This analysis enables additional simplifications during
`-buffer-deallocation-simplification`. In particular, "regular" scf.for
loop nests, that yield buffers (or reallocations thereof) in the same
order as they appear in the iter_args, are now handled much more
efficiently. Such IR patterns are generated by the sparse compiler.

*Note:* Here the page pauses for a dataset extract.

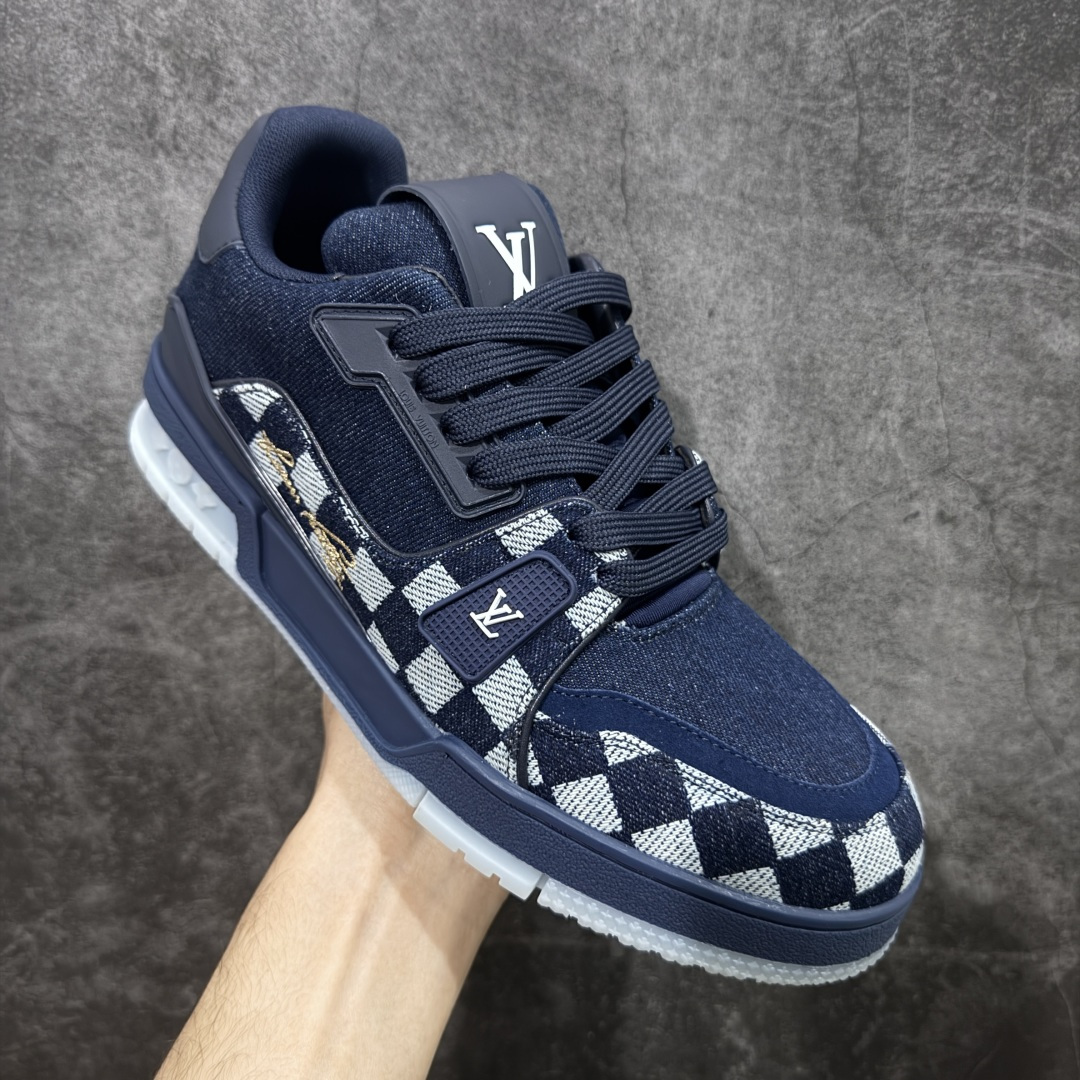 图片[3]-【莞产YS版本】Louis Vuitton Trainer lv时装走秀运动鞋 完美鞋型超高的清洁度 零毛边线头瑕疵 全套原楦原纸版原鞋开模 全网最具灵魂的版型 正确原装黄色鞋盒 正确中底印花 鞋面印花3D高频深度立体 全鞋电脑针车 紧密相连 针距密度一致 环保乳胶注塑鞋垫 厚度脚感还原原版 皮面裁剪部位 统一油边封口工艺 原装橡胶大底含胶量大底组合零偏差 专柜全套包装 防尘袋 说明书 质保卡 男女鞋 尺码： 39 40 41 42 43 44 45-选品中心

This commit adds the `BufferViewFlowOpInterface` to the bufferization
dialect. This interface can be implemented by ops that operate on
buffers to indicate that a buffer op result and/or region entry block
argument may be the same buffer as a buffer operand (or a view thereof).
This interface is queried by the `BufferViewFlowAnalysis`.
The new interface has two interface methods:
* `populateDependencies`: Implementations use the provided callback to
declare dependencies between operands and op results/region entry block
arguments. E.g., for `%r = arith.select %c, %m1, %m2 : memref<5xf32>`,
the interface implementation should declare two dependencies: %m1 -> %r
and %m2 -> %r.
* `mayBeTerminalBuffer`: An SSA value is a terminal buffer if the buffer
view flow analysis stops at the specified value. E.g., because the value
is a newly allocated buffer or because no further information is
available about the origin of the buffer.
Ops that implement the `RegionBranchOpInterface` or `BranchOpInterface`
do not have to implement the `BufferViewFlowOpInterface`. The buffer
dependencies can be inferred from those two interfaces.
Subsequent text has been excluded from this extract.